### Requirement:
Output all of the records word for word and drop the images.

(Source records)
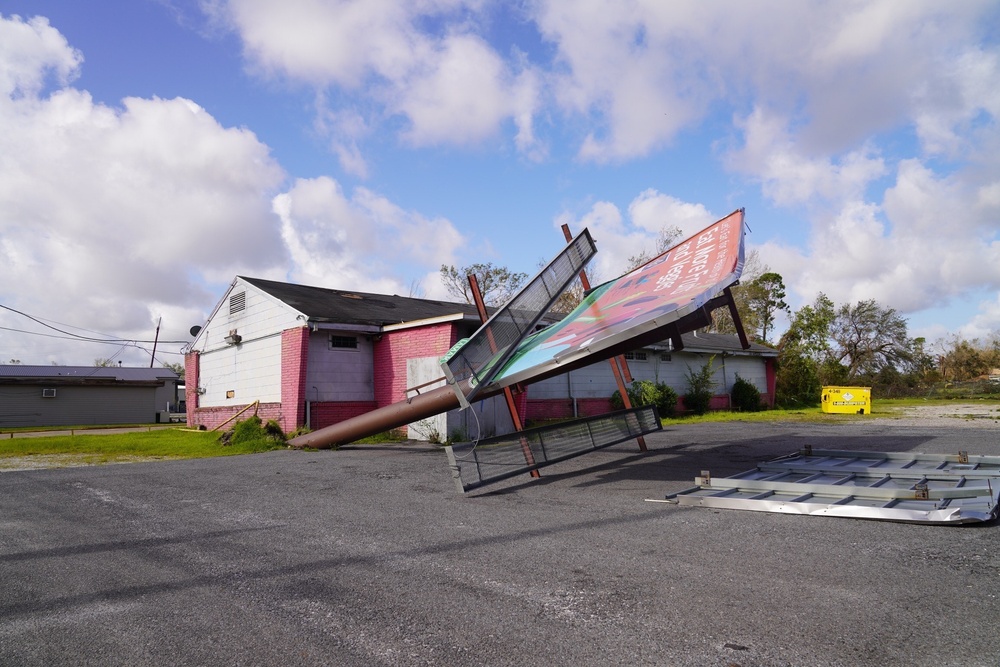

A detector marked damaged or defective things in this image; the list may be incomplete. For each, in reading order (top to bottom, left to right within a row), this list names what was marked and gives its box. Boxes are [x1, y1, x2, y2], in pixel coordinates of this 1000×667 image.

broken metal frame [656, 448, 1000, 528]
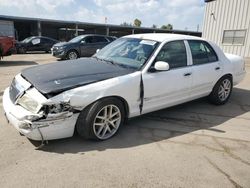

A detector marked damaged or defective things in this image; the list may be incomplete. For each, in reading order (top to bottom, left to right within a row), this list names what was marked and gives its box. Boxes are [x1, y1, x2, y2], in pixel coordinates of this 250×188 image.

crumpled hood [21, 57, 135, 97]
broken headlight [17, 93, 40, 113]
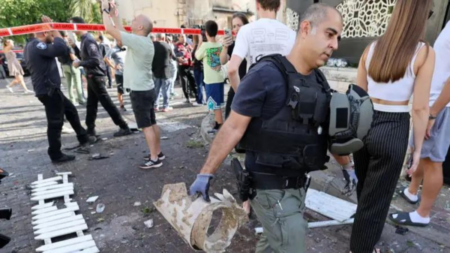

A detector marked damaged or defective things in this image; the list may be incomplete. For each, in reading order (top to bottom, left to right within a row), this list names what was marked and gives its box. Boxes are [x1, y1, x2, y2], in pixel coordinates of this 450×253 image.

broken concrete block [154, 183, 246, 252]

### The answer:
A detector marked damaged or defective things in this image; the list may be incomplete. For each, in reading order (top to bottom, left to right within a row), this list names what was marked and gives its box. Boxes are [x1, y1, x2, y2], in pixel coordinates of this 1000×667 image.

broken metal frame [656, 448, 1000, 528]

A detector marked damaged or defective things in this image; the list may be incomplete. For each, in reading order (top to bottom, left to right within a row), this list names what was marked and gives its box. Boxes are [x1, y1, x2, y2], in pixel coordinates of this 250×188 image.

crumpled hood [21, 57, 135, 97]
broken headlight [17, 93, 40, 113]

A detector marked damaged or defective things in this image; the list may be incomplete. For each, in reading order (top to bottom, left to right within a row), this list names what was marked and gives its box. Boxes are [x1, y1, x2, y2], in pixel coordinates of this 450×253 image.

broken concrete block [154, 183, 246, 252]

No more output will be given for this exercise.